I know that I have to use $V-E+F=2$, but I am not sure where to start with this. Is it something to do with the sum of the angles of the shapes?
Since four faces meet at each vertex, four edges do also and each edge is shared by two vertices. Thus
$E=2V$ Eq. 1
Next, each triangular face is shared by three vertices and each quadranglular face by four.
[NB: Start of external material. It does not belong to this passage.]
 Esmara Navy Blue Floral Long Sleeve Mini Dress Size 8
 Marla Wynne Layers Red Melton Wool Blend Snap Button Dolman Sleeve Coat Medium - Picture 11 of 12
Comparing that with each edge being shared by two vertices again, get
$E=(3/2)F_{\triangle}+2F_{\square}$ Eq. 2
From Eq. 1 we have $V=E/2$. So we may render the Euler characteristic:
$(E/2)+F_{\triangle}+F_{\square}-E=2$
$F_{\triangle}+F_{\square}-E/2=2$
$F_{\triangle}+F_{\square}-(1/2)((3/2)F_{\triangle}+2F_{\square})=2$
and if you simplify the last equation algebraically, $F_{\square}$ will drop out leaving only a single constant value for $F_{\triangle}$.
By similar logic, a polyhedron consisting of pentagons and hexagons meeting three to a vertex always has 12 pentagons.